**TASK OBJECTIVE:**
All entries below must be output word for word, and the pictures left behind.

━━━━━━━━

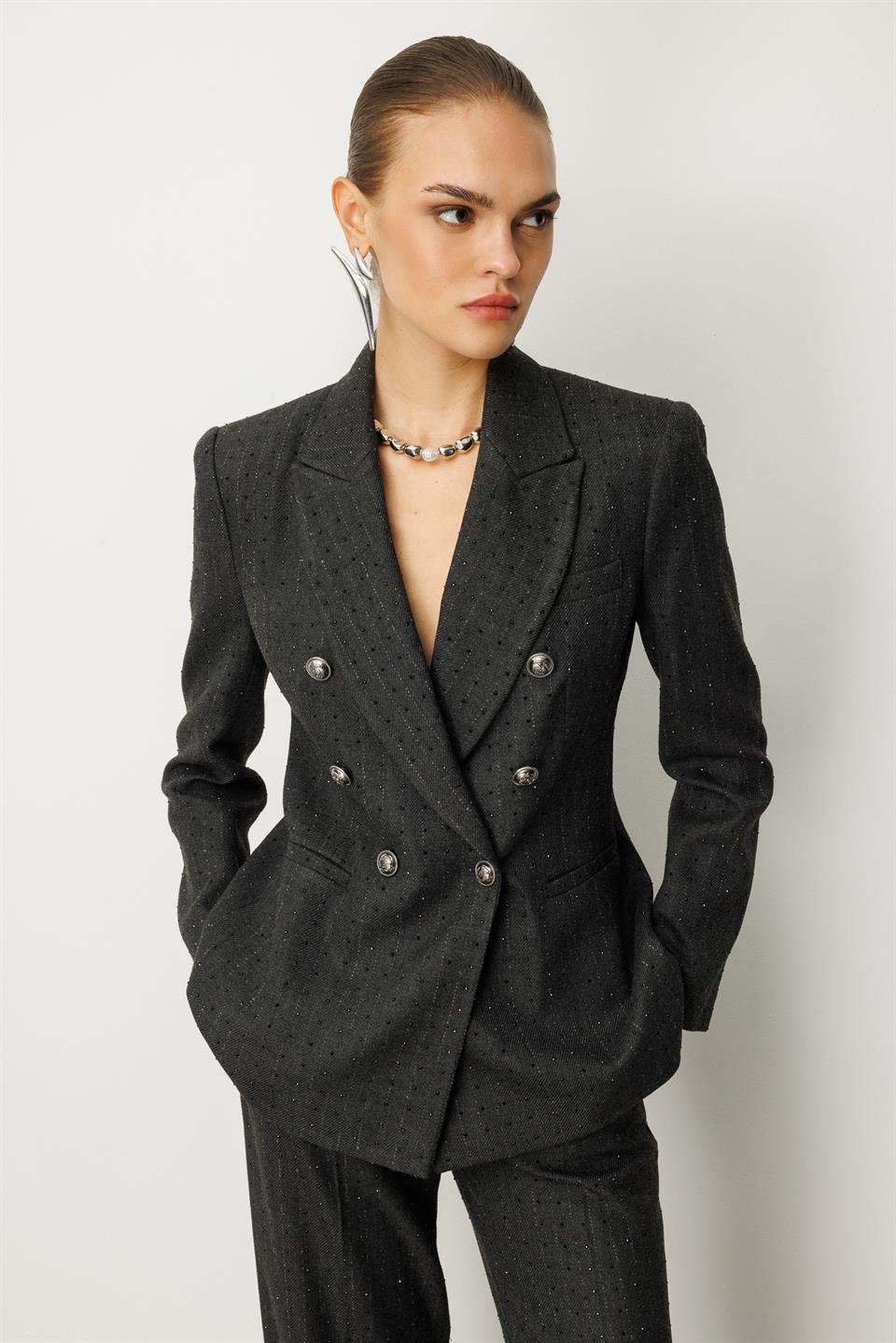 Çizgili Taşlı Takım GRİ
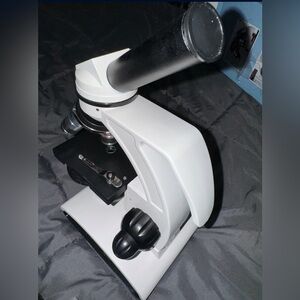 Microscope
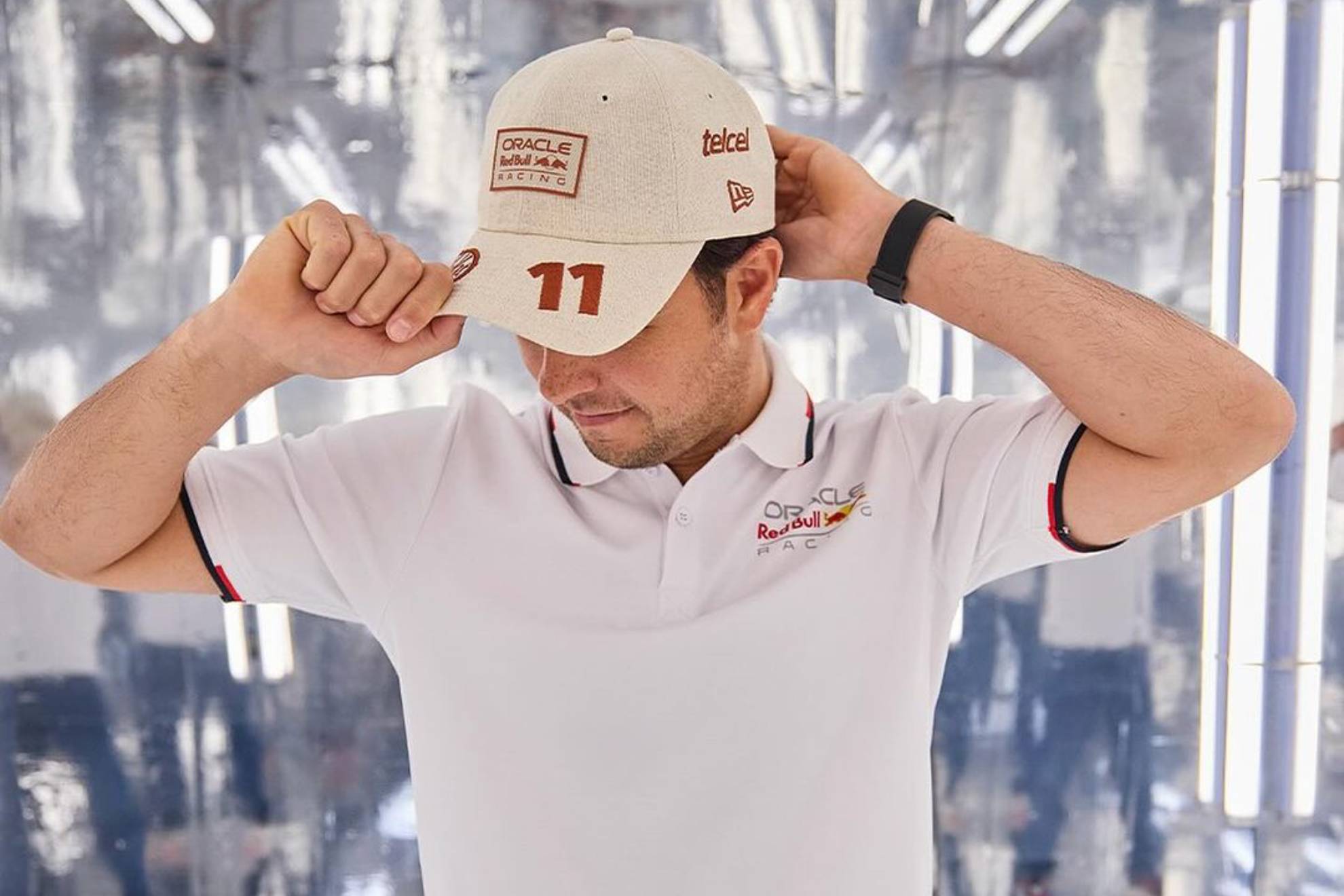 Formidable! Gorra Red Bull Racing Sergio Checo Perez 11 Gran Premio Monza
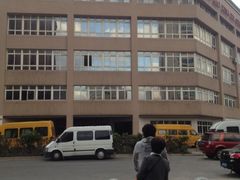 车-东宝兴路站-停车场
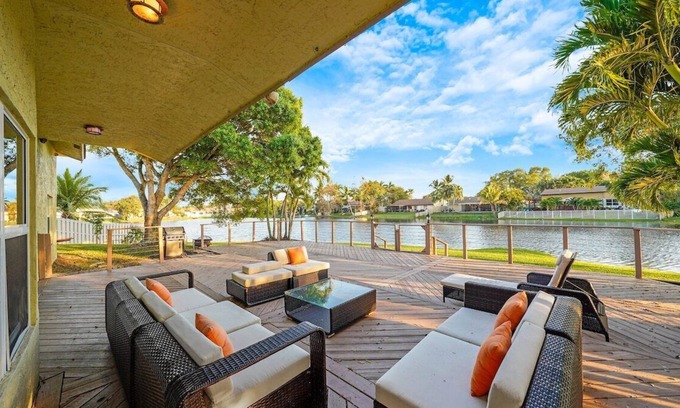 Davie Casa | Blue Stone Lake home by PMI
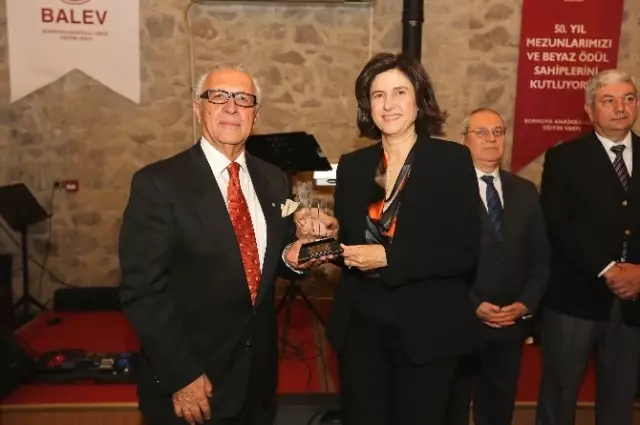 Duayen İşadamı Selçuk Yaşar'a 'Beyaz Yaşam' Ödülü Duayen İşadamı Selçuk Yaşar'a 'Beyaz Yaşam' Ödülü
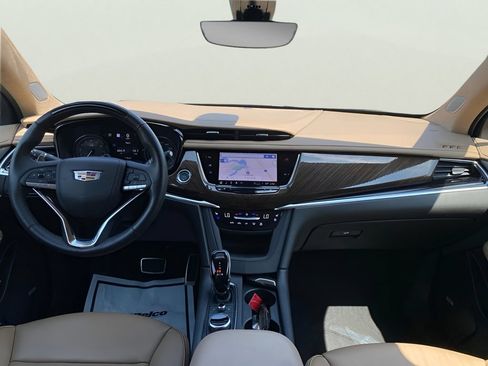 Used 2025 Cadillac XT6 Sport w/ Platinum Package AWD/4WD image 19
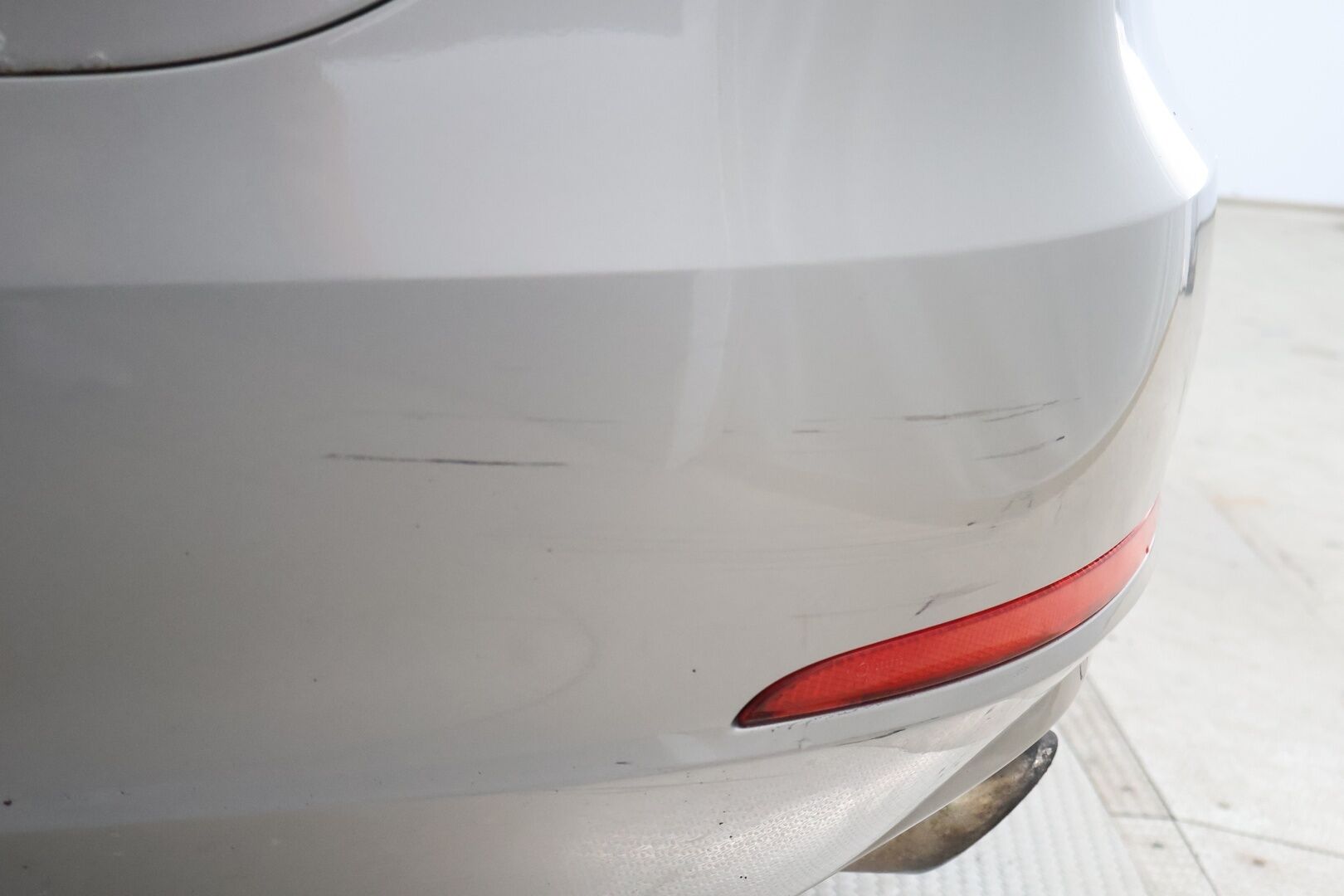 Skoda Superb 2011 Combi 2,0 TDI CR 170 Elegance DSG Autom. |  - YritysOutlet - Myydään vain yrityksille | - | Koukku | Lohko | Muistipenkki | Nahkasisusta | Myydään vain yrityksille | 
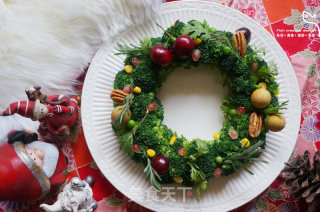 Christmas Wreath Salad recipe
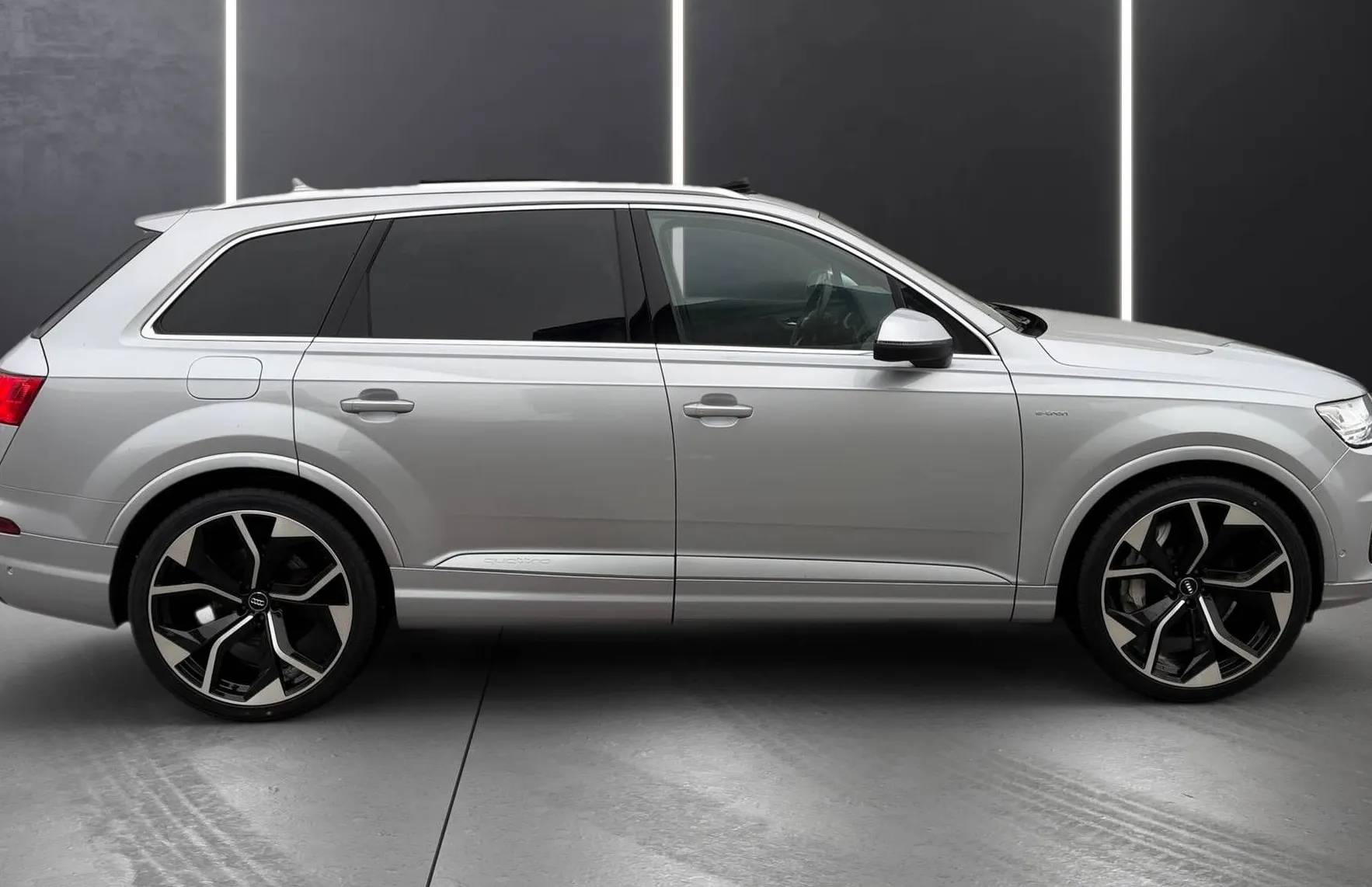 Zunanja slika - Audi Q7 - E-TRON 3.0TDI QUATTRO LED NAVI ACC HUD PANO 360K.. - 8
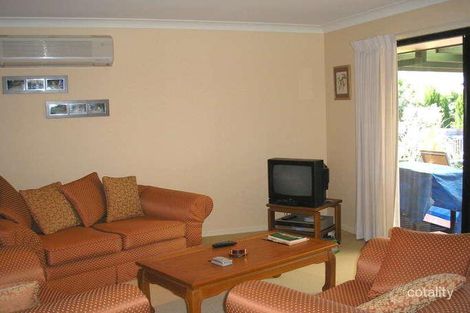 Property photo of 12 Campden Court Brookfield QLD 4069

━━━━━━━━

**TASK RESULT:**
 Çizgili Taşlı Takım GRİ
 Microscope
 Formidable! Gorra Red Bull Racing Sergio Checo Perez 11 Gran Premio Monza
 车-东宝兴路站-停车场
 Davie Casa | Blue Stone Lake home by PMI
 Duayen İşadamı Selçuk Yaşar'a 'Beyaz Yaşam' Ödülü Duayen İşadamı Selçuk Yaşar'a 'Beyaz Yaşam' Ödülü
 Used 2025 Cadillac XT6 Sport w/ Platinum Package AWD/4WD image 19
 Skoda Superb 2011 Combi 2,0 TDI CR 170 Elegance DSG Autom. |  - YritysOutlet - Myydään vain yrityksille | - | Koukku | Lohko | Muistipenkki | Nahkasisusta | Myydään vain yrityksille | 
 Christmas Wreath Salad recipe
 Zunanja slika - Audi Q7 - E-TRON 3.0TDI QUATTRO LED NAVI ACC HUD PANO 360K.. - 8
 Property photo of 12 Campden Court Brookfield QLD 4069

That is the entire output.